Forty years ago, the United States was in the midst of the CB craze. The eleven meter band had been set aside for the Class D Citizens Radio Service in 1958, and it was initially a relatively useful service for short-range communications. But during the 1970’s, it became so wildly popular that every channel was almost continually filled with signals of varying strengths, so that only the closest and most powerful could break through. Back in those days, tuning through the 27 MHz band revealed a cacophony of heterodynes every 10 kHz along the dial, night and day.
CB’s also required a license, and at some point, the FCC was hopelessly overwhelmed. A few years later, they gave up, and licensed everyone in the United States under a “licensed by rule” arrangement. Many people ignored the license requirement, but those who went by the rules faced delays of months before the license arrived in the mail.

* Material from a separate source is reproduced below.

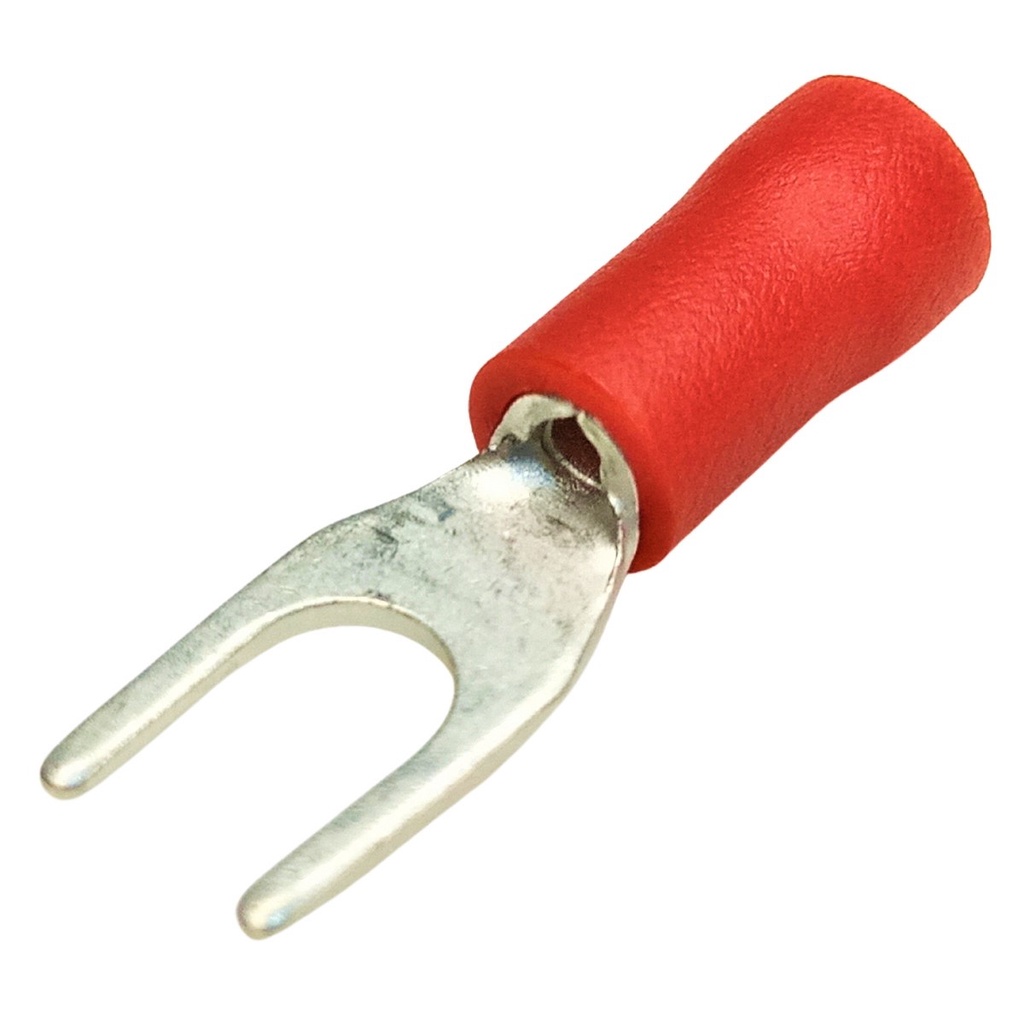 TERMINAL GARFO ISOLADO 0,5 A 1,5MM2 M4 VERMELHO 10 UNIDADES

As a stopgap measure, the FCC in 1976 allowed for interim licenses. After you mailed in the license application, you filled out a second form, which you retained for your records. You even assigned yourself a call sign. The call started with K, followed by your initials, followed by your ZIP code. So in my case, I would have been KRC-55418.
Both the license application and the interim license were contained in the box when you bought a CB. But if you didn’t have a copy, the July-August 1976 issue of Elementary Electronics contained a copy. Apparently, the size of the form had to be right, so the magazine instructed you to carefully cut the page to exactly 8 x 10 inches, and follow the instructions.
After you certified, under penalty of imprisonment, that you had mailed the form and the $4, that you were over 18 and not the representative of a foreign government, and weren’t in any prior trouble with the FCC, you assigned yourself the call sign, and you were on the air. The back of the page contained a summary of the rules that you were to scrupulously obey.